#### WHAT IS BEING ASKED:
Please retype every entry as written, and keep the pictures out.

(RECORDS)

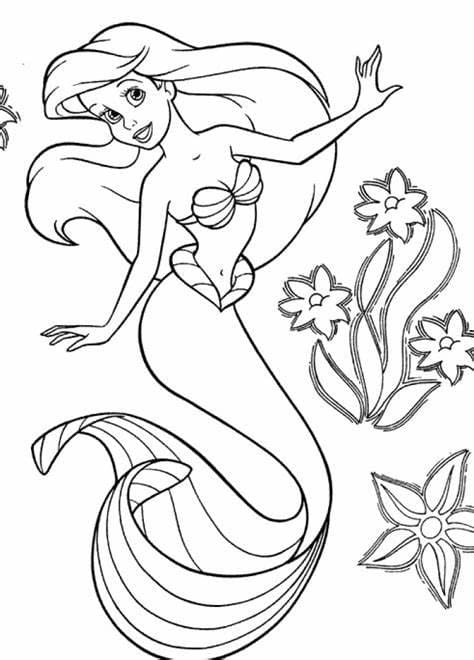 Coloriage Ariel avec des fleurs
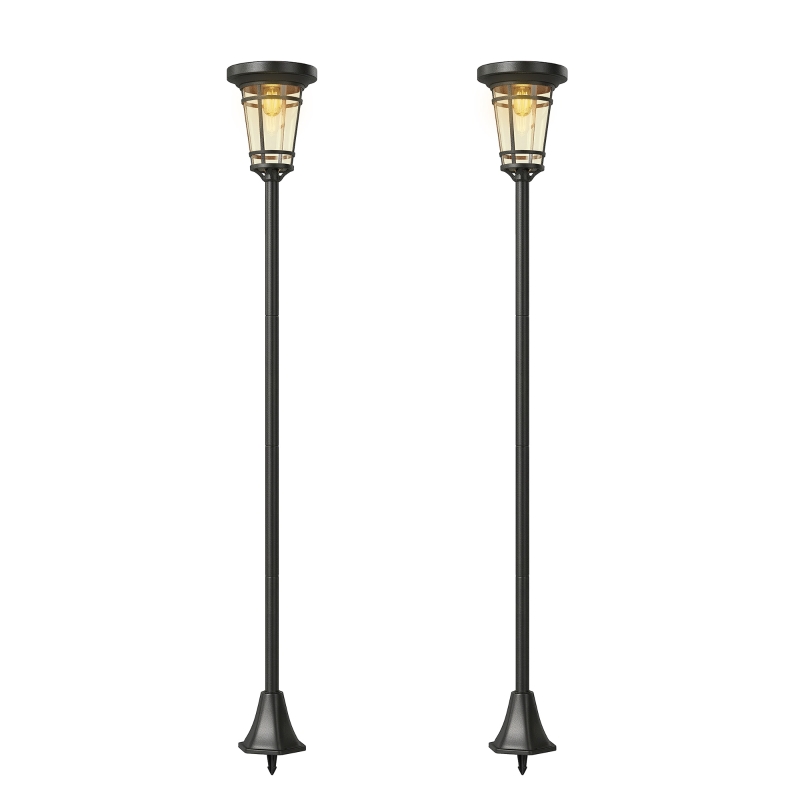 Outsunny Solar Laterne 2er-Set Stehleuchte 180cm Höhenverstellbar mit 2 Helligkeitsmodi Lichtsensor Schalter, IP44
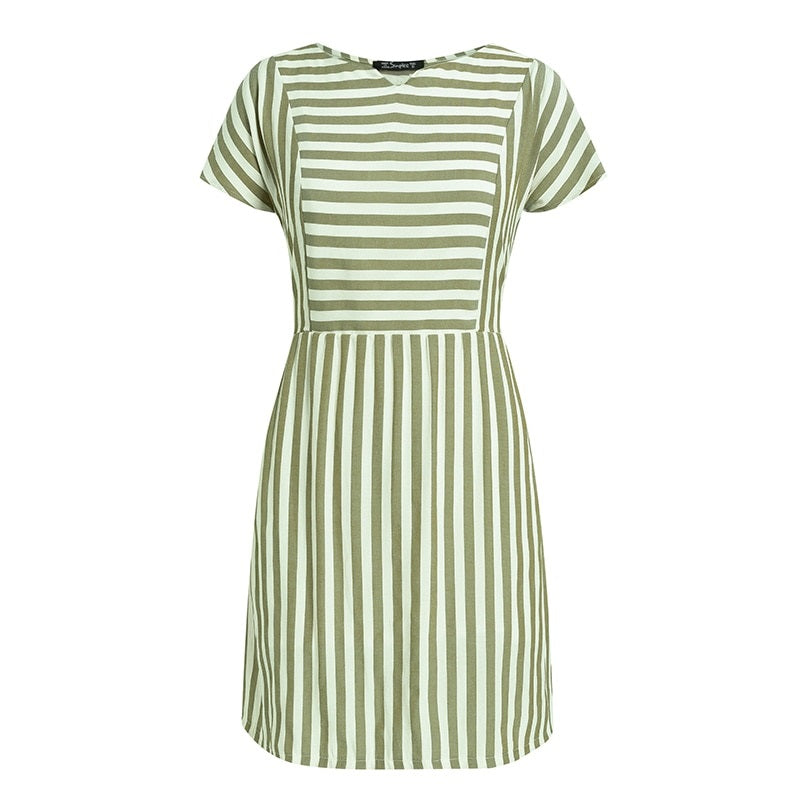 Striped Casual Buttons Strap Short Sleeve Summer O-neck A-line Holiday Dress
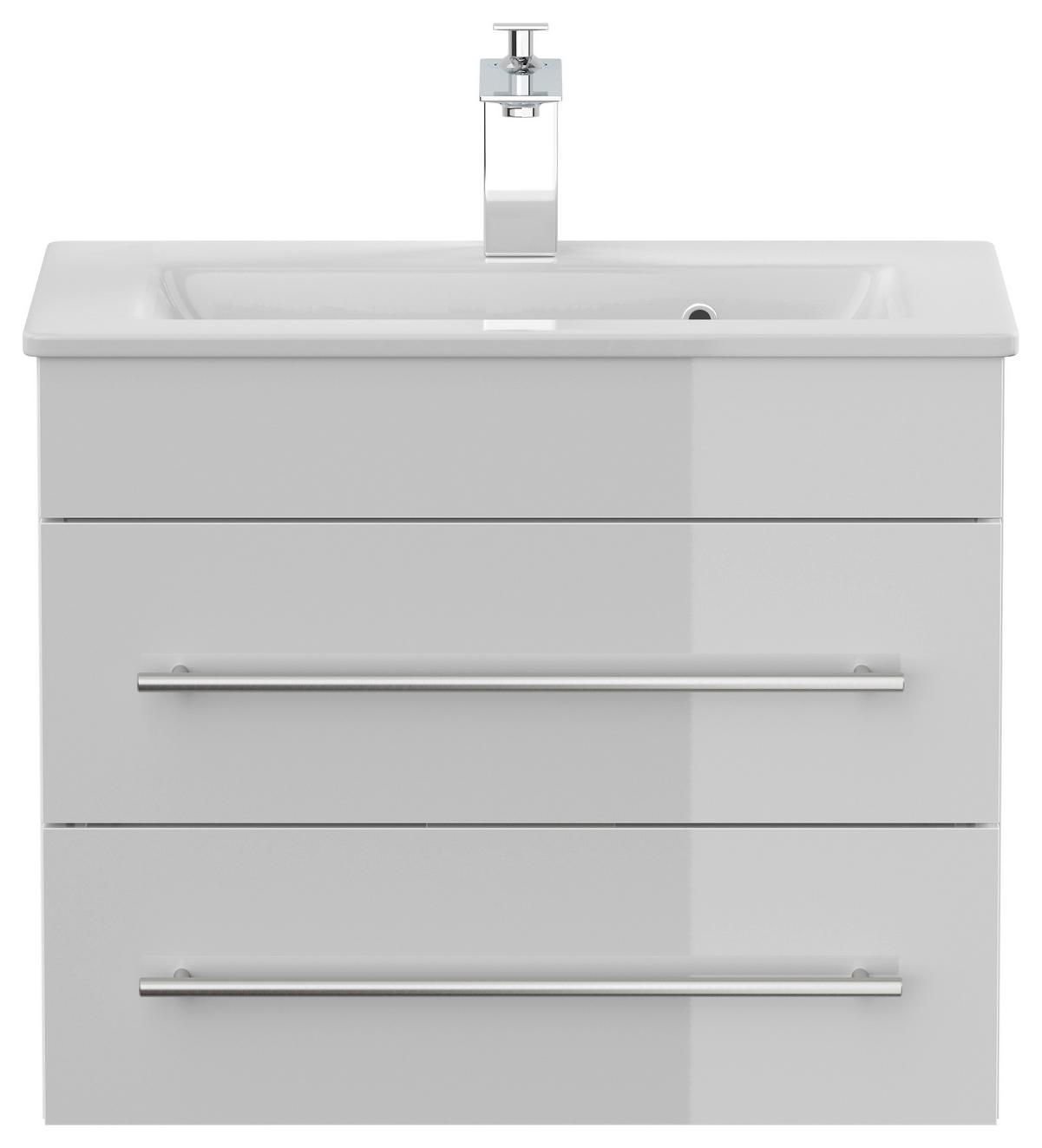 Badezimmer Portus Weiß Hochglanz B:60,6cm - Weiß Hochglanz/Weiß, MODERN, Holzwerkstoff (60,6cm) - MID.YOU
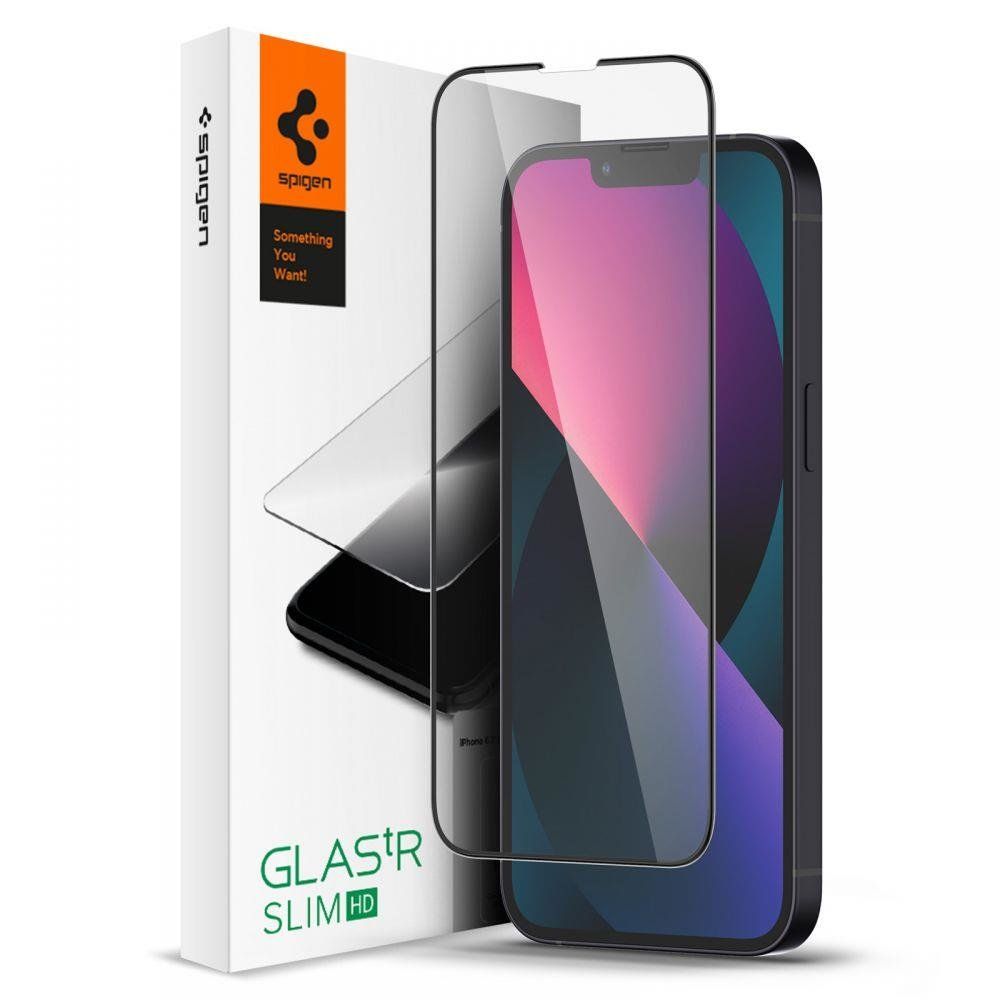 

Защитное стекло Spigen для iPhone 13 Mini - GLAS.tR Slim HD - Черный - 1 шт - AGL03404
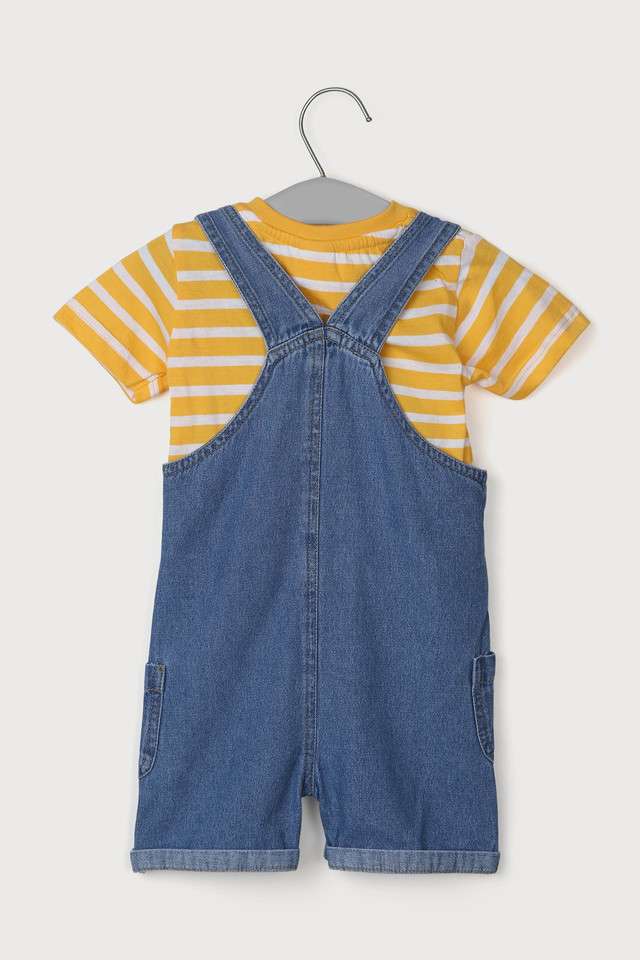 Embroidered-Cotton-Knee-Length-Infants-Dungaree-Set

(End RECORDS)

#### EXPECTED OUTPUT:
 Coloriage Ariel avec des fleurs
 Outsunny Solar Laterne 2er-Set Stehleuchte 180cm Höhenverstellbar mit 2 Helligkeitsmodi Lichtsensor Schalter, IP44
 Striped Casual Buttons Strap Short Sleeve Summer O-neck A-line Holiday Dress
 Badezimmer Portus Weiß Hochglanz B:60,6cm - Weiß Hochglanz/Weiß, MODERN, Holzwerkstoff (60,6cm) - MID.YOU

Защитное стекло Spigen для iPhone 13 Mini - GLAS.tR Slim HD - Черный - 1 шт - AGL03404
 Embroidered-Cotton-Knee-Length-Infants-Dungaree-Set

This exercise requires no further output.